The best way to harden a frizzen depends on the make of the lock. American made locks, Chambers, Davis, and L&R are made of 1095 steel, which is a through hardening steel. Foreign made locks have case hardened frizzens, which need to be heated to a bright red-orange in a carbon rich environment, then quenched in water.
Place crushed charcoal, about the size of pea gravel, about 1/2-1" deep in a steel container. Place the frizzen into the container and fill with charcoal. cover the container with a loose fitting lid. Place the container in a hot fire to cook for a coupla hours, keeping the fire burning hot enough to keep the container to a red-orange color for two hours, or so. Longer is better. Pull the container out of the fire and dump the contents, frizzen, lid, and glowing charcoal into a 5 gal bucket of water. I do suggest wearing good leather gloves, a face shield, and stand up wind of the bucket.
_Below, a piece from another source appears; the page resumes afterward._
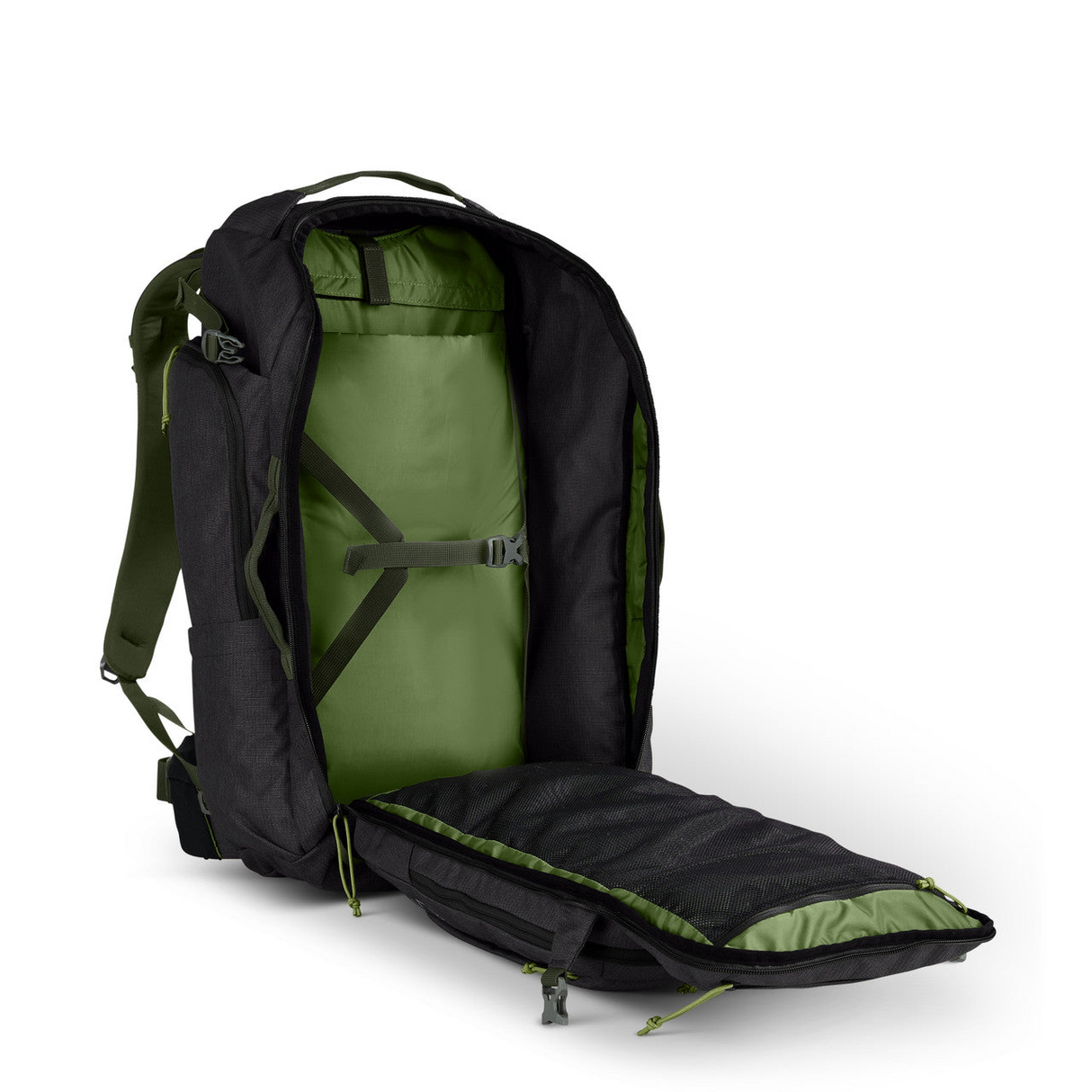 Kelty Redwing Traveler 50 Outdoor Backpack - Black (Travel & Hiking Bag)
Test the frizzen with a dull file. If the file skates, instead of cutting the steel, temper in the kitchen oven at 350 degrees F for an hour. Use two good oven thermometers to gauge the real temp of the oven, since some oven thermostats are off as much as 100 degrees.
Once the frizzen is tempered, polish it up with 280 or finer paper and holding the body of the frizzen with pliers, heat the tail of the frizzen to a full blue, with a torch. Heat it slowly and allow the colors to run up the tail and almost across the pan cover. Quench the frizzen to prevent the colors from running onto the face of the frizzen, which will over heat the bottom of the face of the frizzen, making that area a little too soft.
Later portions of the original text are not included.